He finished, "Trust me. You won't find faster true threads than what Linux offers. And they won't be using less than 8kB of memory." Jamie disagreed, and gave a number of technical reasons why some optimizations were possible, and Linus replied, "Talk is cheap. Show me the code." Later in the subthread he elaborated:

I think what Jamie is overlooking is all the details.

For example, take the really obvious one: sure, you don't need a kernel stack under some circumstances.

What are you going to do when you DO need one?

Allocate one dynamically?

Good-bye performance.

That's why I said "Show me the code". I'm rather unconvinced that you can actually get the details right without huge amounts of complexity.

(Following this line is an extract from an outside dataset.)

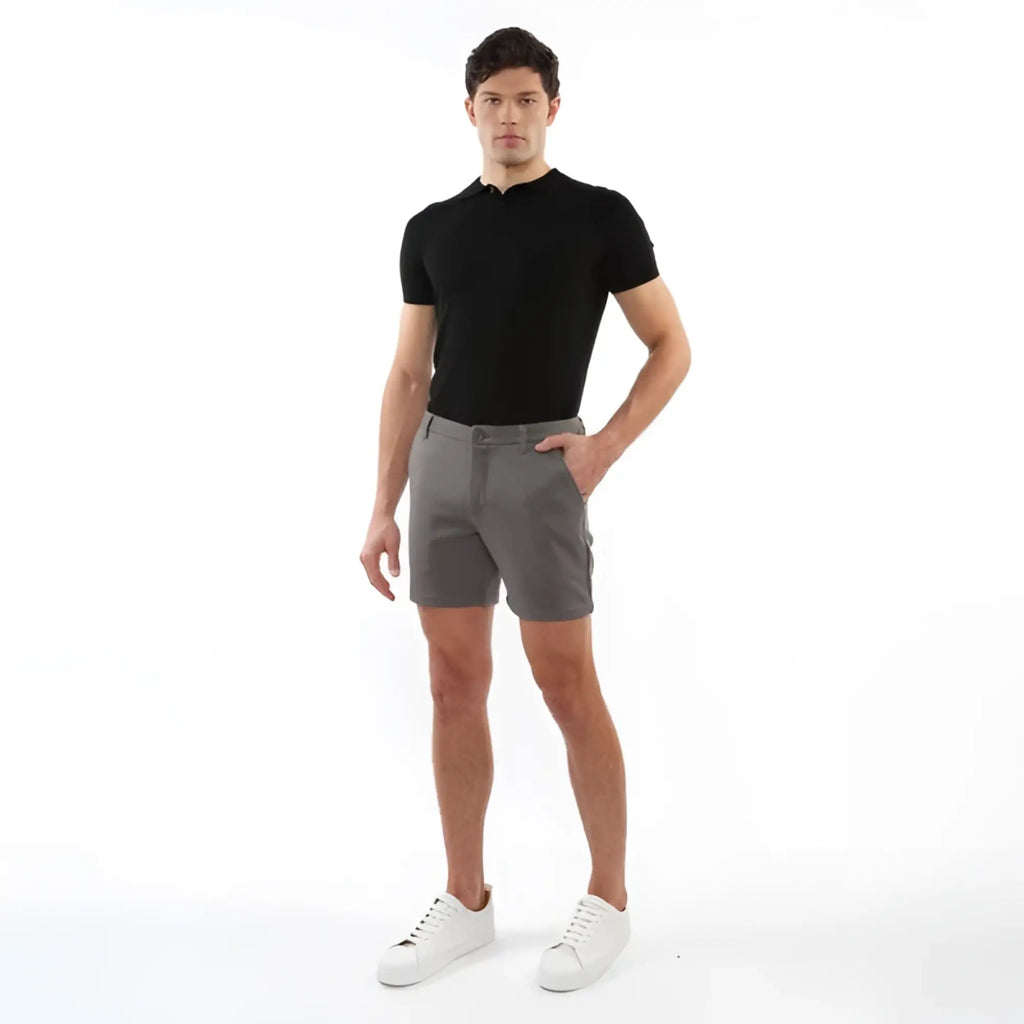 Gray textured stretch knit chino shorts with classic fit and button closure ideal for casual wear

I'm sure it could be done. I'm pretty convinced that there is no way to do it efficiently.

Historical Digression

Elsewhere (and throughout most subthreads) various implementation details came under discussion; and at one point in response to a possible set-up, Albert D. Cahalan bemoaned:

I hate this.

First of all, I dare not code it. Linus seems to want Linux not strongly tied to the POSIX thread model.

To which Linus replied:

Stop this bandying my name about.

The only thing Linus wants is SANE SEMANTICS.

It so happens, that POSIX seems to be insane. Quite frankly, some of POSIX is utter crap. Cow-dung. In short, shit.

And the reason pthreads have some problems is because the stupid thing was never designed. It grew out of 1:m implementations and the Sun threading code.

I want to have pthreads support for Linux. But I do not want the crap in pthreads to get into the kernel. Which means that I want people to THINK before they code something up. A 1:1 pthreads implementation simply isn't going to make it, but something that happens to have the braindamaged pthreads stuff as a subcase (with some help from user space) is more than welcome.

This is not something new. I, unlike the POSIX committee, have more taste than willingness to get reamed up the ass by years of history.

Deal with it.

Marty Fouts replied:

With all due respect, as a person who was present for the early evolution of pthreads, I have to disagree with your assertion of how pthreads came to be.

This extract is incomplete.